WHAT THE TASK ASKS: Every record must be restated exactly. Drop the images.

Entries taken from a collection:
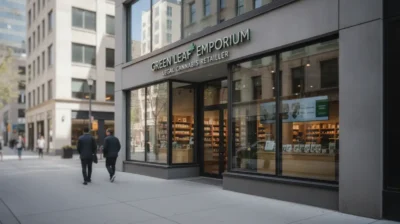 Devanture d'une boutique de cannabis legale dans une rue canadienne, passants sur le trottoir en journee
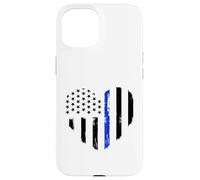 Support de Policier du Drapeau de Coeur Bleu Mince Coque pour iPhone 15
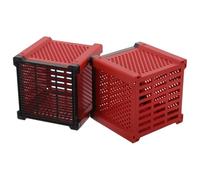 TOYANDONA Cubo de Filtro para Acuario 2 Piezas Caja de Filtro de PVC Roja 114 X 114 X 10 CM Colector de Medios Filtrantes para Pecera Purificador de Agua para Tanques y Bebederos Uso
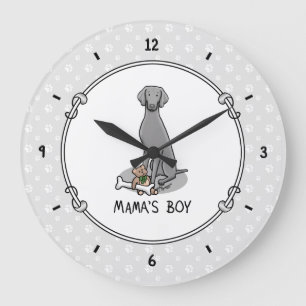 Mama's Boy Weimaraner (grau 1) Spielhundin Mutter Große Wanduhr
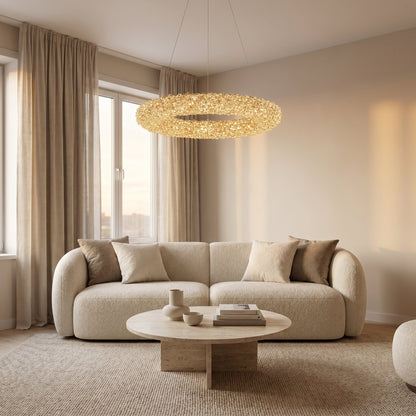 Crystal Ring Chandelier Gold - Luxury Round Pendant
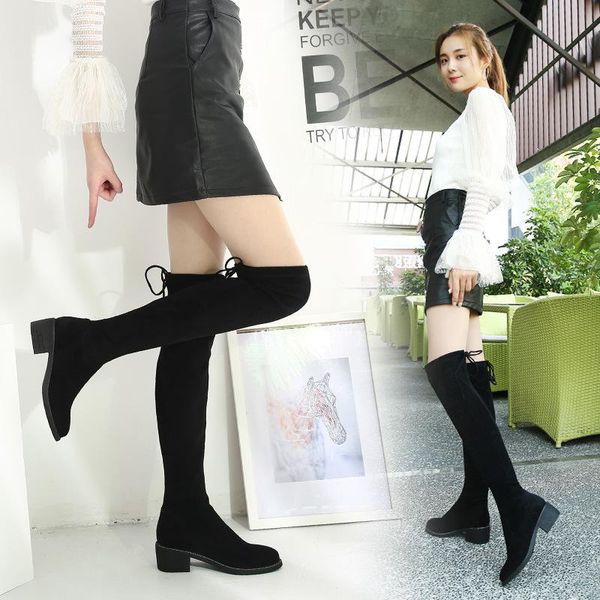 

boots all-match thick heel elastic women's 2021 winter thin, Black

WRITTEN ANSWER:
 Devanture d'une boutique de cannabis legale dans une rue canadienne, passants sur le trottoir en journee
 Support de Policier du Drapeau de Coeur Bleu Mince Coque pour iPhone 15
 TOYANDONA Cubo de Filtro para Acuario 2 Piezas Caja de Filtro de PVC Roja 114 X 114 X 10 CM Colector de Medios Filtrantes para Pecera Purificador de Agua para Tanques y Bebederos Uso
 Mama's Boy Weimaraner (grau 1) Spielhundin Mutter Große Wanduhr
 Crystal Ring Chandelier Gold - Luxury Round Pendant

boots all-match thick heel elastic women's 2021 winter thin, Black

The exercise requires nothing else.